Diet, Nutrition, and Pregnancy
What's meal time like for you? Do you carefully plan out your meals, cooking with fresh ingredients, making sure that all the food groups make their way to your table? Or are you like many modern women, eating on the run sometimes just minutes before falling into bed after an eighteen hour day? Do you skip breakfast or lunch because you "just don't have time?" Do you load up on prepared foods? Do you know where all the drive-throughs are for miles? Does the Chinese food delivery man know your pets' names?
Remember breakfasts that you actually sat down to eat? Lunches that didn't involve Styrofoam packaging? What about home-cooked dinners at six every night? Old fashioned? These things may not be part of your life, but they should be. Humans are meant to eat fresh fruits, vegetables, and lean meats. That's what keeps us at optimal health. Are you at your optimal health? You certainly want your baby to be, and while she's inside you, your health is her health.
Good nutrition is vital to your health, pregnant or not. But when you're pregnant, even more so.
What you choose to put into your mouth affects two people now, not just one, so pay careful attention to your choices. Your already formed body may crave French fries morning, noon, and night, but it's not what your son or daughter's growing brain, lungs, heart should be nourished on. You know you're going to be cautious about what baby eats when you're spooning the food into his mouth, think about that as you spoon it into your own, because even though you're doing the chewing, you're both metabolizing the food.
Hopefully, you already eat a really healthy (or at least a relatively healthy) diet. If that's the case, consider this affirmation of your healthy decision. Use this chapter to boost your nutrition know-how. Make sure that you're getting enough of the good things you're eating everyday. In addition to your own store house of wonderful recipes, I've included a few which are quite tasty and good for you both. Share them with Dad-to-be, since you both want him healthy, too.
If you could use a little work in the dietary portion of your life, you're in luck. The information in this chapter could be just what you need to get you on track nutrition wise.

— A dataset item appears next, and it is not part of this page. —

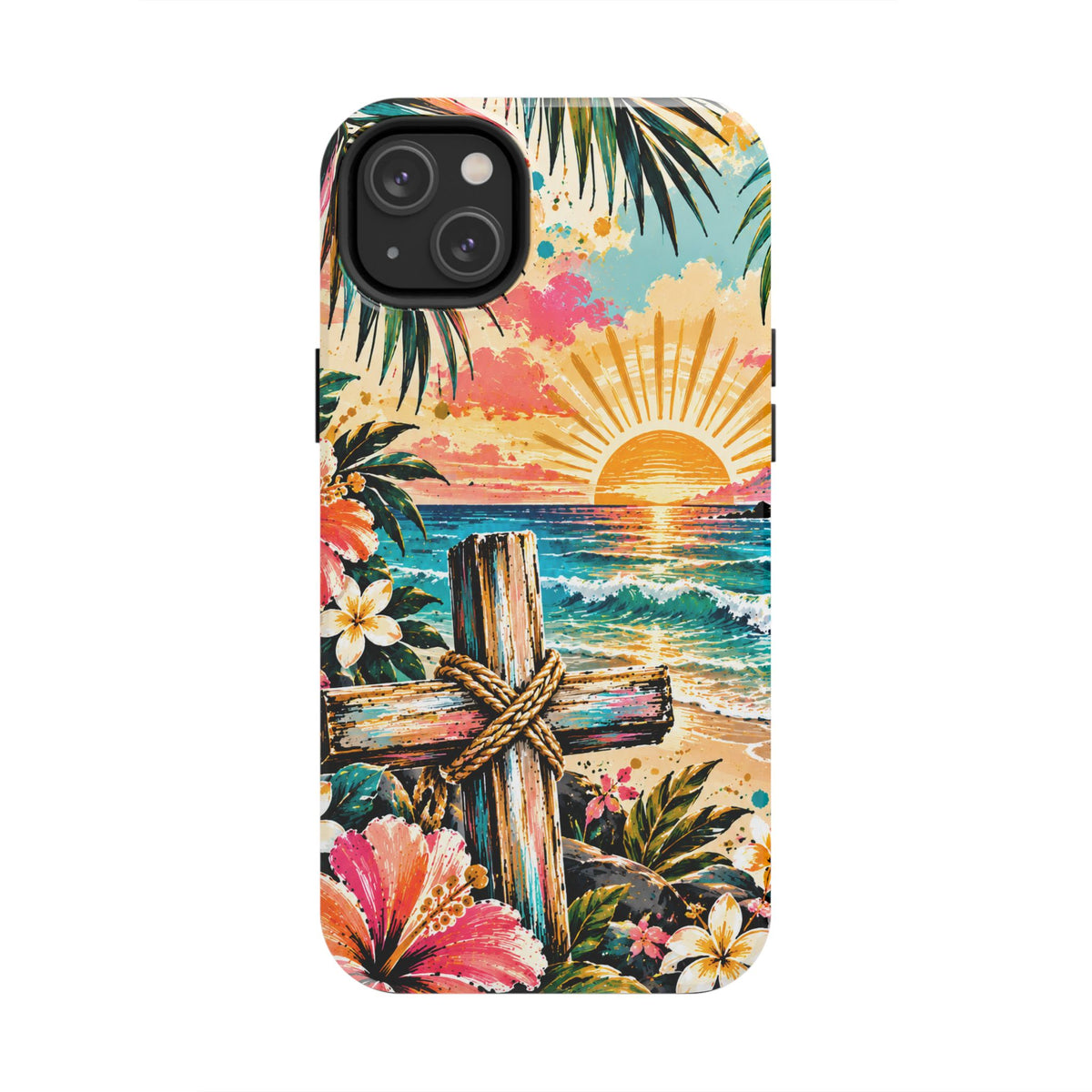 Tropical Cross Christian Phone Case | Beach Sunset & Floral Faith-Inspired Protective Case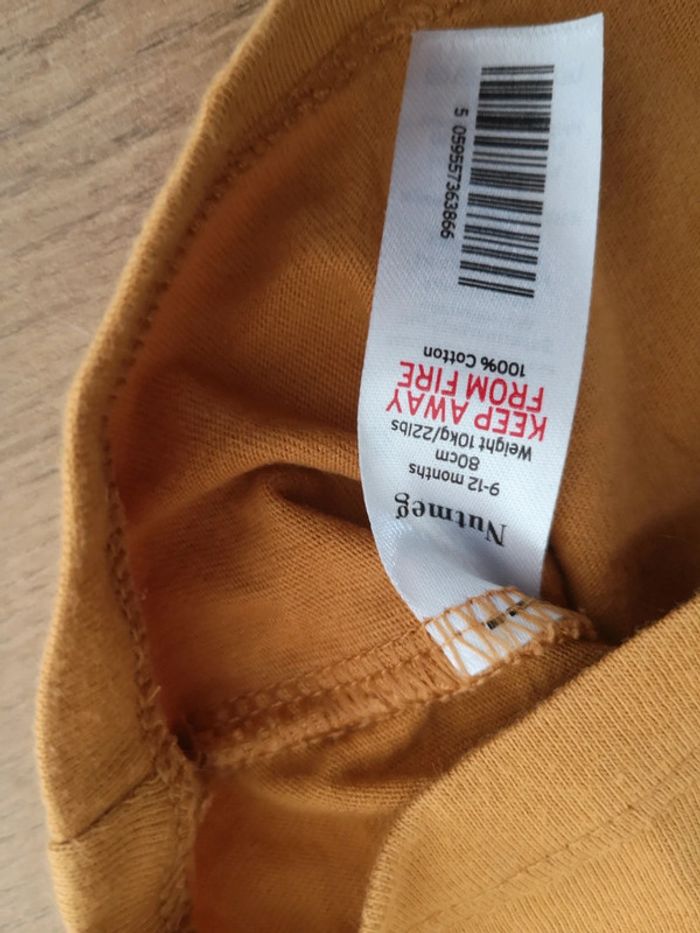 Tee shirt manches longues jaune moutarde 12 mois - photo numéro 4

While you may feel motivated by love for your baby, you will soon see that making the lifestyle changes to eat well may take a few minutes a day more than you're used to, but fresh food is delicious, and your healthy body will be a great reward.
Once you make the decision to eat healthfully, you will wonder what you once found so appealing about fast food restaurants and the partially or fully prepared foods you used to buy for meals to "cook" yourself. Fresh does not have to mean complicated to prepare. It simply means fresh, as in not packaged and loaded with preservatives. As in you may need to go to the market a little more often, but you'll end up glad you did. Fresh food prepared intelligently is the right choice for mom and baby. Take a careful look at the lists of foods which should be a part of your diet. Experiment with the recipes included in the chapter. Everything listed is healthy and easy. No gourmet cooking skills required.
Eating for two
You are eating for one full grown woman and one small baby. Eating for two is about eating foods which will nourish you both through a healthy pregnancy and delivery, resulting in a healthy baby and a healthy mother. Not a healthy baby and an overweight mother. Not a sickly baby and a somewhat physically okay mother. Not an underweight baby and an underweight mother.
Some women hear the phrase "eating for two" and interpret it in unhealthy ways. Either they are so afraid of gaining too much weight, so fearful of looking as though they ate for two grown women, that they are too "careful" about their meals or they use it as an excuse to overindulge, which is not healthy for mother or child.
Women who get caught up in calorie count rather than in good nutrition are just as much in danger of harming their babies and themselves as women who overeat and gain too much weight during pregnancy. Some moms-to-be feel that if they keep their weight under the average pregnancy weight gain for their body types that they've "beat" pregnancy somehow.
Yes, women who gain forty or fifty pounds during pregnancy put themselves and their babies at risk, but so do women who only gain fifteen pounds. Just as the mother who eats French fries three times a day is not doing her family any favors, neither is the mother who eats only the healthiest foods in the world, but too little at each sitting to avoid weight gain. Both are practicing malnutrition. It sounds harsh, but it's true.
Increased food intake and weight gain are part of pregnancy. But, their part should be based on moderation.
Three meals a day are not enough; you need three healthy snacks in order to keep yourself in tip-top shape.
Eating six times a day (smaller meals spread out over the course of your day) helps with morning sickness, fatigue, and many other things which accompany pregnancy.
You'll still be eating breakfast, lunch and dinner. You'll also be eating a mid-morning snack, an afternoon snack, and an evening snack. Think of all the opportunities you'll have to incorporate the food groups into your day.